It's time to put someone from the BRICS in charge of the world's leading trade body.
In a historic first, the next leader of the World Trade Organization will hail from Latin America. A field of nine candidates has now been winnowed down to two, one from Mexico and one from Brazil, meaning that, at a crucial moment in the history of the international trading system, the leader of the central organization for resolving global trade differences and shaping future agreements will come from the emerging part of the Western Hemisphere.
One candidate, Roberto Azevedo, is currently Brazil's ambassador to the WTO. The other, Herminio Blanco, is a former Mexican trade minister and one of the architects of the North American Free Trade Agreement. Both are widely respected and well-liked by those who know them well. On the surface, the two candidates seem extremely similar. But to suggest that these men represent a common perspective could not be further from the truth. They illustrate a choice as stark as past and future for an organization that finds itself at a critical turning point.

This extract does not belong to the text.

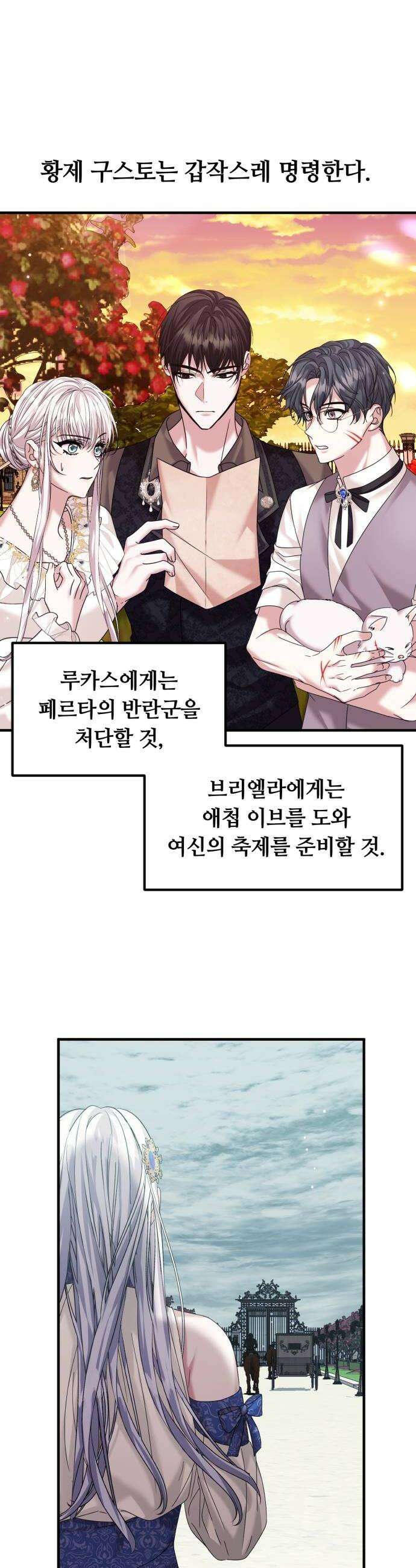 복수를 위한 결혼동맹 요약편  시즌12 몰아보기 20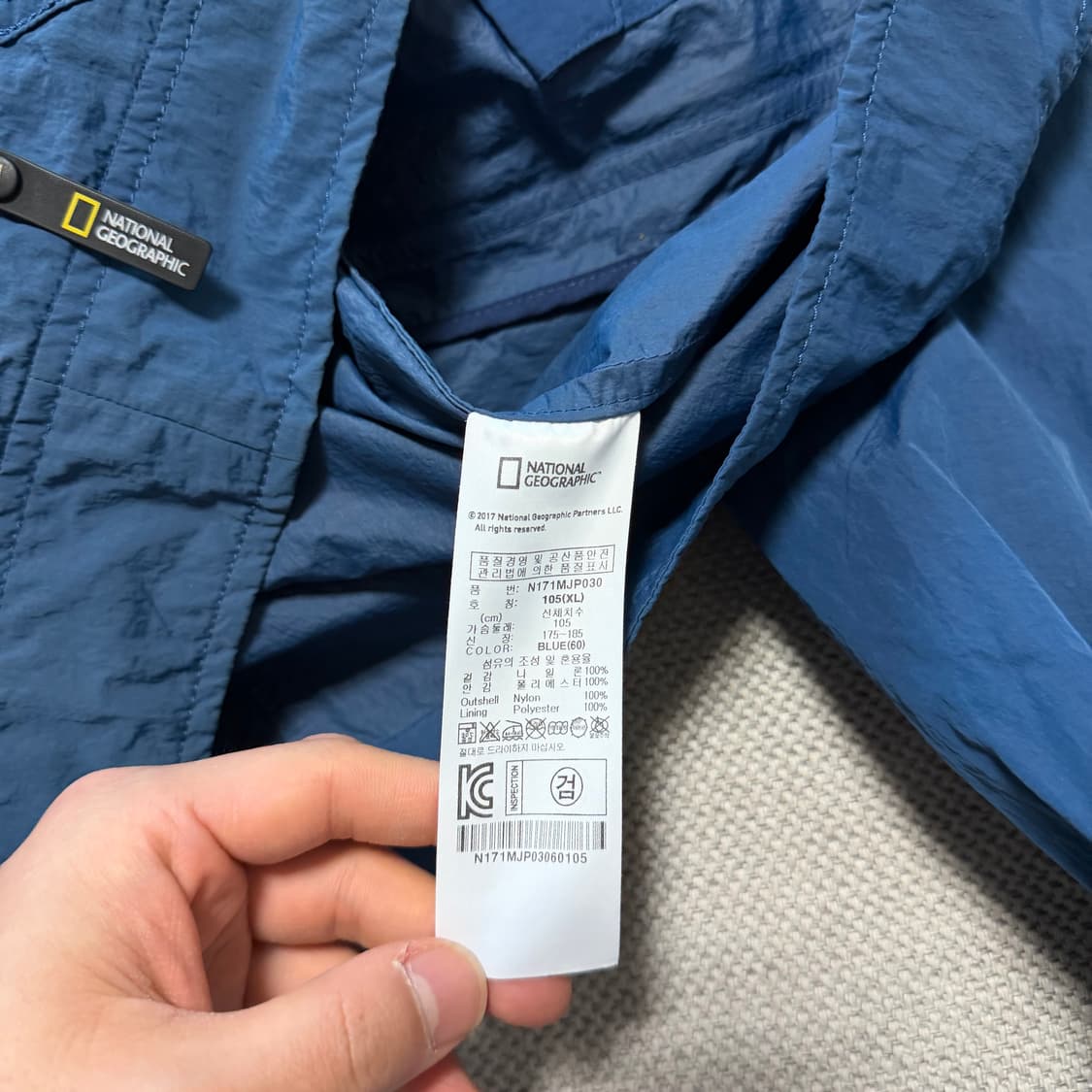 내셔널지오그래픽 나일론 자켓 상품이미지4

The knock on Azevedo is that he has never served as a trade minister, a post that has typically been a jumping-off point for past WTO chiefs. But he has been exceptionally active within the halls of the trade organization's Geneva headquarters -- an acknowledged leader there, especially among the world's rising powers, and he is seen as more closely in touch with the trade issues of the day than is Blanco.
Blanco, trained at the University of Chicago, is exceptionally competent. I worked with him when I was a senior U.S. trade official during the Clinton administration and I know that my colleagues and I always held him in very high regard. But, in the eyes of his critics, he has been out of the international trade arena for too long, having been working in the private sector and not actively involved in the complex, frustrating debates surrounding the Doha world trade talks or the need for meaningful reform of the WTO. The organization, set up officially in 1995, doesn't seem up to addressing the problems of a modern world crisscrossed with non-tariff barriers or grappling with the new problems of Internet- and services-based trade, widespread currency manipulation, and incipient protection appearing in many guises.
There is, however, a bigger difference between the two men that is already manifesting itself in the early whip-counts of potential voters from around the world. According to trade-community insiders in Washington and around the world with whom I have spoken over the past few days, Blanco is seen as the preferred candidate of the United States and much of what might be described as the traditional or old-school trade establishment. Azevedo, on the other hand, appears to have deeper support among the BRICs and among many of the other representatives of the emerging world.
This split matters, because the principal divide in world trade today is not, as it once was, East-West, trans-Atlantic, or even trans-Pacific. It is much more north-south, a split between developed countries that have long dominated the trade discussions and the emerging ones who, through flexing their muscle effectively for the first time during the Doha Round negotiations, put those discussions on ice until their core concerns could be resolved.
Among the most critical of those concerns are frustrations emerging powers have with the seemingly bullet-proof, reform-resistant series of subsidies that are protecting developed-world agricultural producers at the expense of their counterparts like Brazil, India, and other emerging countries with great potential to provide feed the world. Similarly, the questions associated with how and when emerging powers begin to compete and operate on the same terms and to the same standards as developed powers also loom large. Newly proposed trade deals, such as the recently opened negotiations between the United States and the European Union, have at their heart a desire by these first-world powers to grow closer together and to maintain a more unified front when challenged by the emerging powers led by the BRICs.
The WTO has, thus far, despite a global set of responsibilities, largely been a club built on the vision and delivering special power to representatives of the developed world. But while much is murky about the future of the global economy, one thing is not: The balance of trade growth is shifting, irreversibly to the emerging world. (By 2010, according to the United Nations, developing-country import growth already was responsible for about half of world trade growth.) In addition, the emerging countries represent both a majority of world population and the nations with the greatest need for consistent economic growth if social equity or stability are our shared goals as a planet.
Developed countries fear that having a Brazilian lead the WTO would put their interests at risk. But there's no reason to think so. Quite the contrary: Azevedo, given his background and support among the most important countries of the emerging world as well as his familiarity with the WTO as it is currently operating, might well be more likely to offer a path toward practical North-South solutions. In addition, Brazil's own strong stand against currency manipulation -- whether by China or the United States -- is an example of why it is old-think to assume that an individual's place of birth represents an ideological strait-jacket.
There are few global organizations about which the view is so widely held that reform is essential and few where, for that reform to be fair and effective, it is so vital that the new voices of the global economy be fairly represented. Because Roberto Azevedo is the best person to lead that change and stand for those voices, he should be the WTO's next director-general.